While you can’t blame Myeni entirely for SAA’s crash, Tolmay said her dishonesty "surely contributed significantly to the position SAA and the economy finds itself in today".
Not only did Myeni "sabotage" a deal with Emirates that would have brought in R1.5bn a year, she also nearly collapsed a deal in 2015 for SAA to swap Airbus aircraft that, had it failed, would have torpedoed the airline five years ago.
Tolmay said Myeni was "dishonest and unreliable", her answers in court were "confusing" and "incomprehensible", and her evidence was, in at least one respect, "clearly untrue". As a director, she exhibited "a gross lack of care", acted recklessly and breached her fiduciary duty.
Myeni’s response only underscored this impression of her character: "I am not the first or the last black person to be attacked in this way by agents of the colonial project," she said.
But while Myeni may well be the worst person to sit at the head of a boardroom table in SA, she will be remembered for something positive at least: a legal precedent which will shake up SA’s corporate governance landscape.
First, the finding is important since it’s the most stringent ruling yet against a director. The law allows a court to ban someone for more than seven years — but in this case, so awful was Myeni that she has been banned for life. Second, it was the Organisation Undoing Tax Abuse (Outa) which launched the action alongside the SAA Pilots Association, rather than shareholders.
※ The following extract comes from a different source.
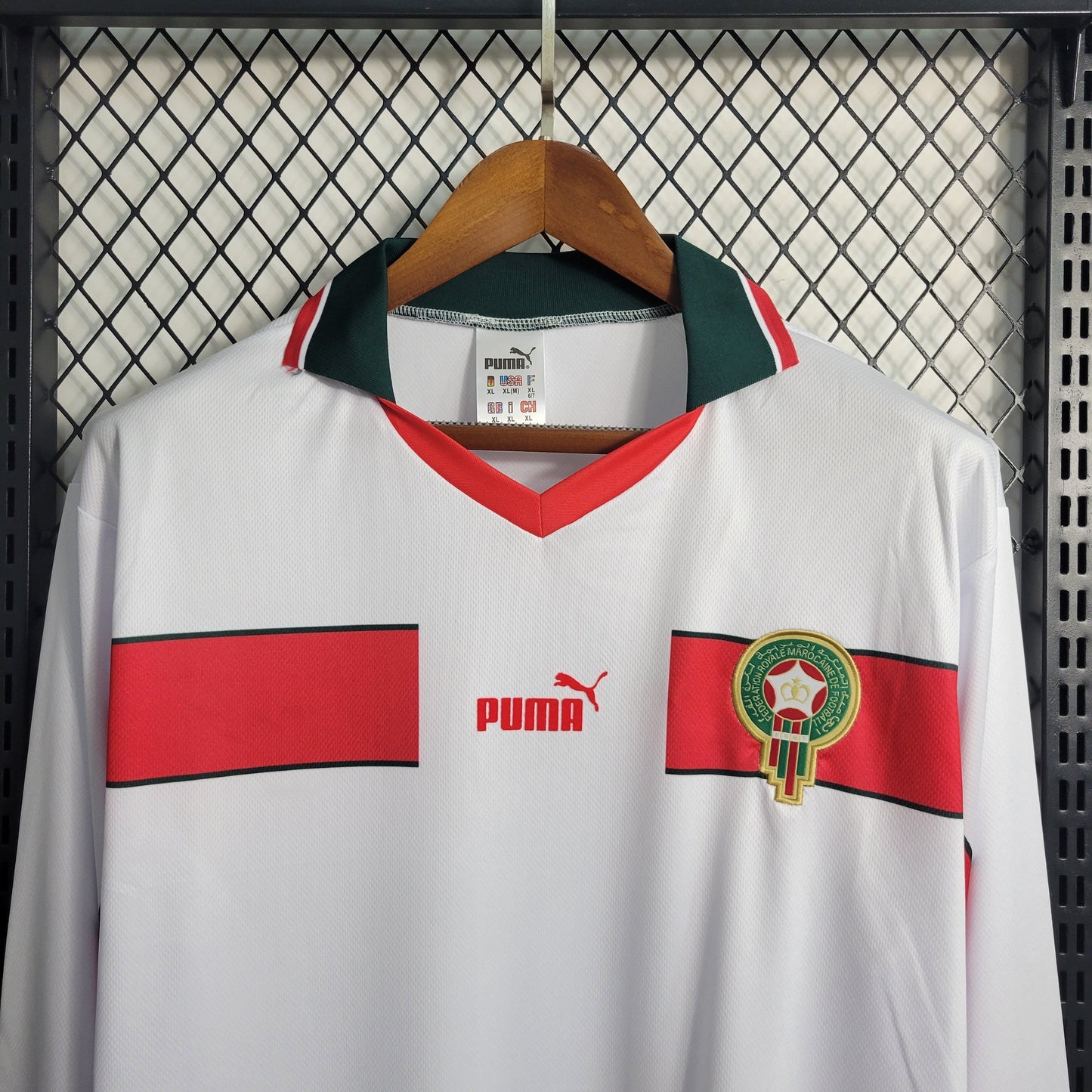 Morocco Third 98/99-Long Sleeve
Prof Michael Katz, the chair of law firm ENSafrica, who helped draft the Companies Act, says: "For the first time, the court recognised that people acting in the public interest, in this case Outa, were allowed to bring the action under section 157 of the Companies Act, rather than just limiting it to shareholders and trade unions under section 162." Ansie Ramalho, a former CEO of the Institute of Directors SA, says this will hopefully usher in a new era of accountability. "There is nowhere left for delinquent directors to hide. Traditionally, only shareholders had the power to hold directors to account," she says.
Mervyn King, who gave his name to SA’s governance codes, also welcomed the judgment. "Whether a company is seen to be a good corporate citizen depends on the conduct and conscience of its corporate leaders … on the evidence, Dudu Myeni was not a conscientious leader."
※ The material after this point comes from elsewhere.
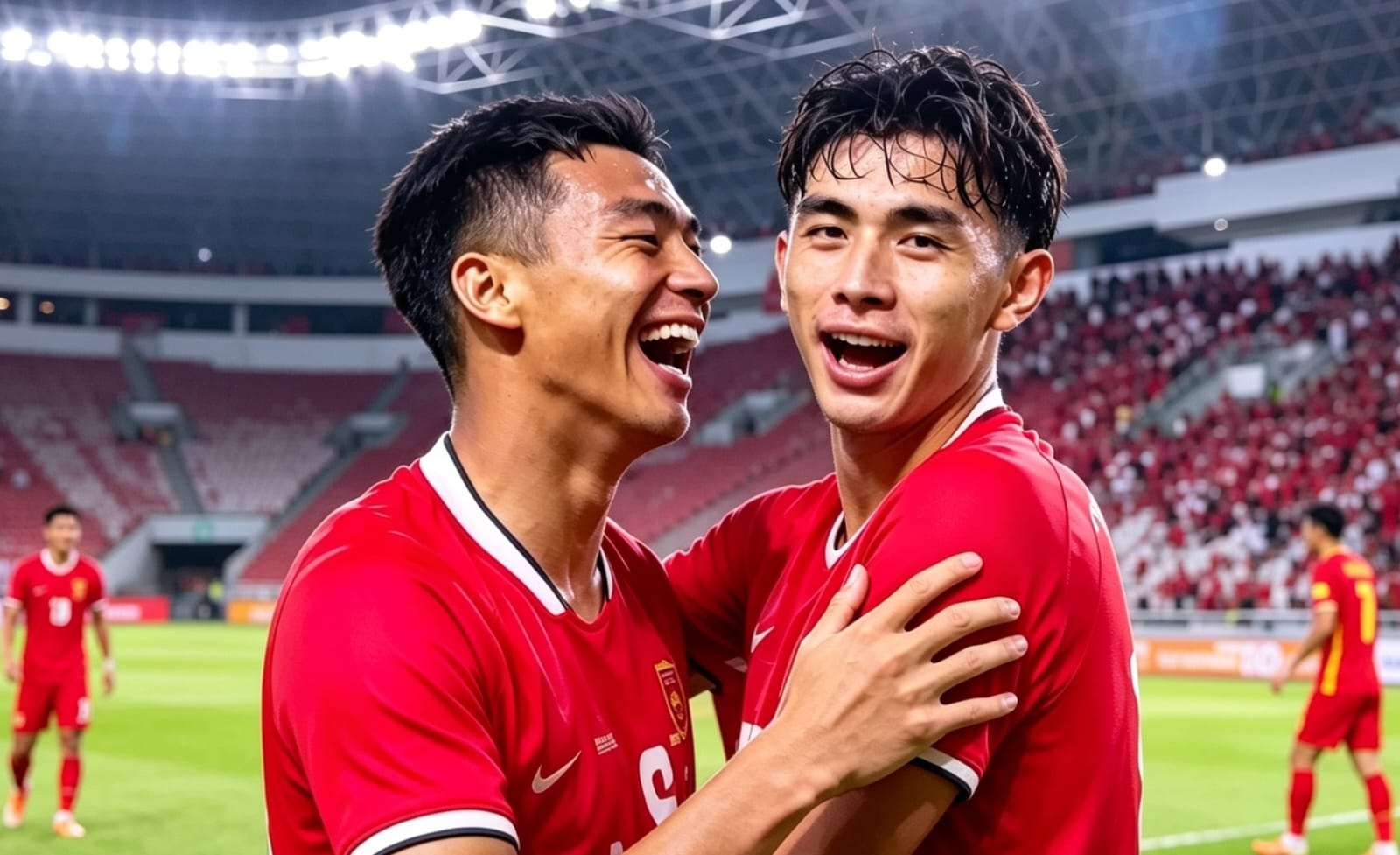 Drama Menit Akhir, Indonesia U-19 Bungkam Vietnam dan Segel Tiket Semifinal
If Myeni doesn’t overturn it, Werksmans attorney Eric Levenstein said it "will be the lead judgment for some time to come on delinquency".
Still, there’s scope to push for greater accountability using the law.
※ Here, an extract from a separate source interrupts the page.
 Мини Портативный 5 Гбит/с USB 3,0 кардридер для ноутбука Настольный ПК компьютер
Katz argues that it’s disappointing that boards and shareholders don’t take it a step further by suing errant directors for loss, as they’re entitled to.
"I’m more keen on actions to recover loss than just declaring someone delinquent, as many of the delinquents aren’t on boards anymore. But what isn’t happening is that they’re now being forced to pay for the loss they caused," he says.
When that starts happening, we’ll have the beginning of true corporate accountability.
Finally, there was a warning to the ANC too in the ruling. Tolmay said: "To serve on a board of an SOE [state-owned enterprise] should not be the privilege of the politically connected. [The] government has … an obligation to ensure that suitably qualified people with integrity are appointed."
It’s a lesson the ANC ought to take to heart.